Spruch:
Das Urteil des Oberlandesgerichts Linz als Berufungsgericht vom 1. Dezember 2010, AZ 9 Bs 140/10t (= ON 53 in den Akten AZ 12 Hv 53/10f des Landesgerichts Wels) verletzt § 474 iVm § 489 Abs 1 StPO.
Text
Gründe:
Mit Urteil eines Einzelrichters des Landesgerichts Wels vom 19. Mai 2010, GZ 12 Hv 53/10f-44, wurden Franz S***** des Vergehens der Verletzung des Amtsgeheimnisses nach § 310 Abs 1 StGB (I./) sowie Redzep R***** und Anto D***** je des Vergehens der Verletzung des Amtsgeheimnisses als Beteiligter nach §§ 12 zweiter Fall, 310 Abs 1 StGB (II./ und III./) schuldig erkannt.
Zur Entscheidung über die gegen dieses Urteil wegen vorliegender Nichtigkeitsgründe sowie des Ausspruchs über die Schuld und die Strafe erhobenen Berufungen der Angeklagten (ON 48, 49, 50) führte das Oberlandesgericht Linz als Berufungsgericht am 1. Dezember 2010 zum AZ 9 Bs 140/10t eine öffentliche Berufungsverhandlung durch (ON 52 der Hv-Akten).
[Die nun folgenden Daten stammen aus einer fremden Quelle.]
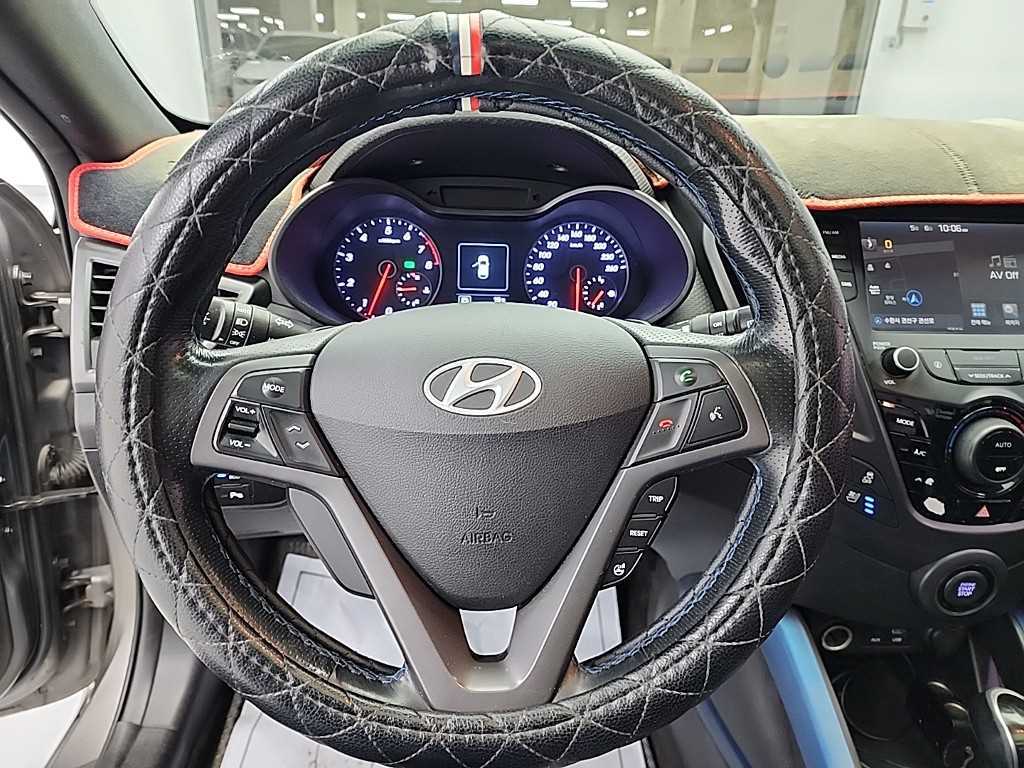 HYUNDAI Veloster - Vista 9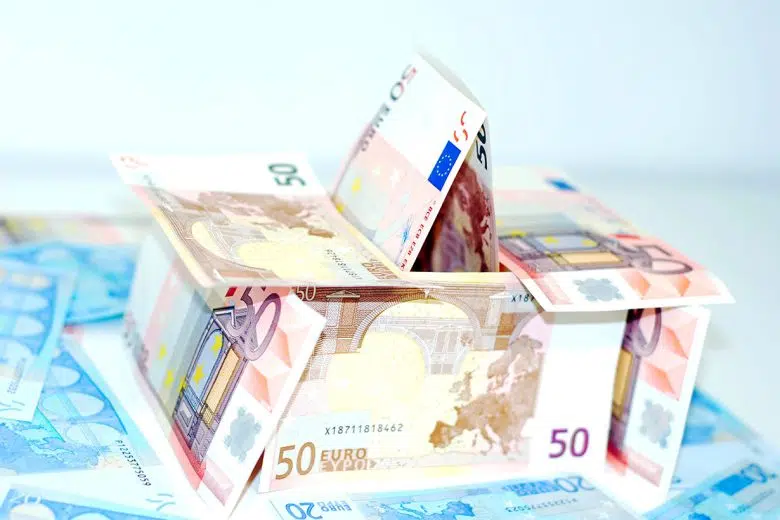 Casa costruita con euro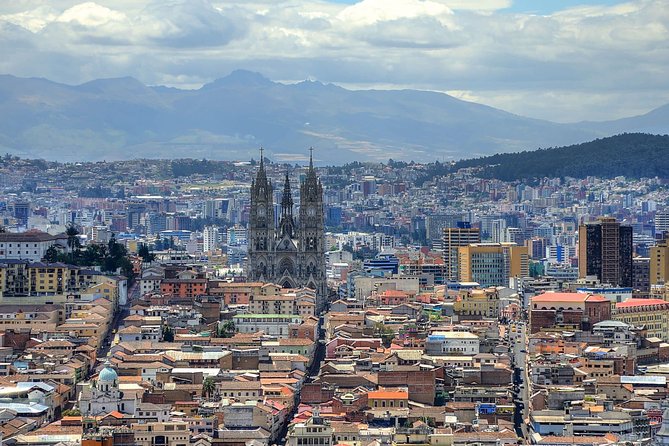 Private Arrival Transfer From Airport to Quito - One Way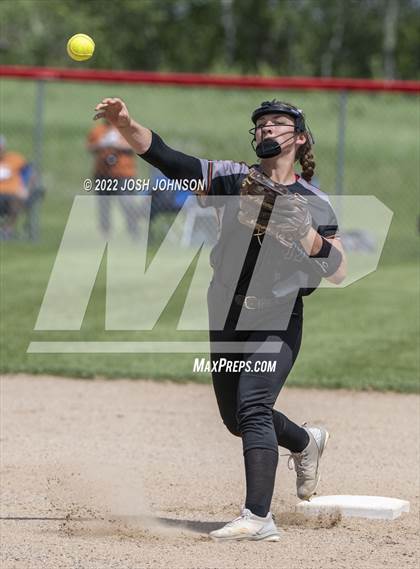 Thumbnail 2 in Baldwin-Woodville vs. Bloomer (WIAA D3 Sectional Final) photogallery.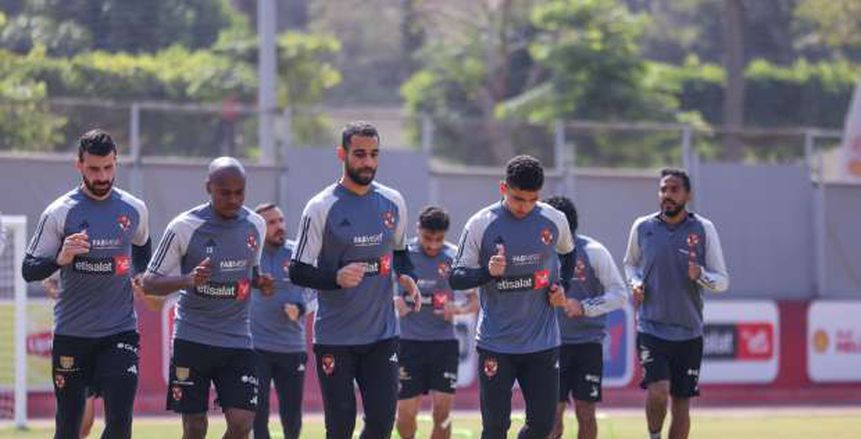 مران الأهلي: فقرات بدينة وفنية متنوعة.. وغياب وسام أبو علي ونيدفيد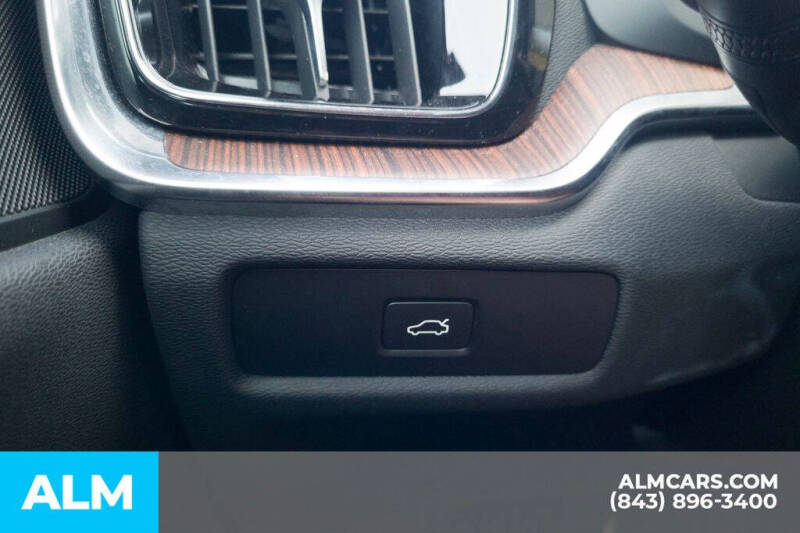 2024 Volvo S60 B5 Plus Dark Theme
In dieser befragten die Richter - ohne ausdrückliche Anordnung der Beweiswiederholung oder Beweisergänzung - die Angeklagten eingehend zur Sache (ON 52 S 3 ff). Nach Vortrag der Rechtsmittel und Erwiderung durch den Sitzungsvertreter der Oberstaatsanwaltschaft zog sich der Senat zu geheimer Beratung zurück.
Im Anschluss verkündete der Vorsitzende das Urteil, wonach den Berufungen wegen Nichtigkeit Folge gegeben, das angefochtene Urteil aufgehoben und die Sache zu neuer Verhandlung und Entscheidung an das Erstgericht zurückverwiesen werde (ON 52 S 9).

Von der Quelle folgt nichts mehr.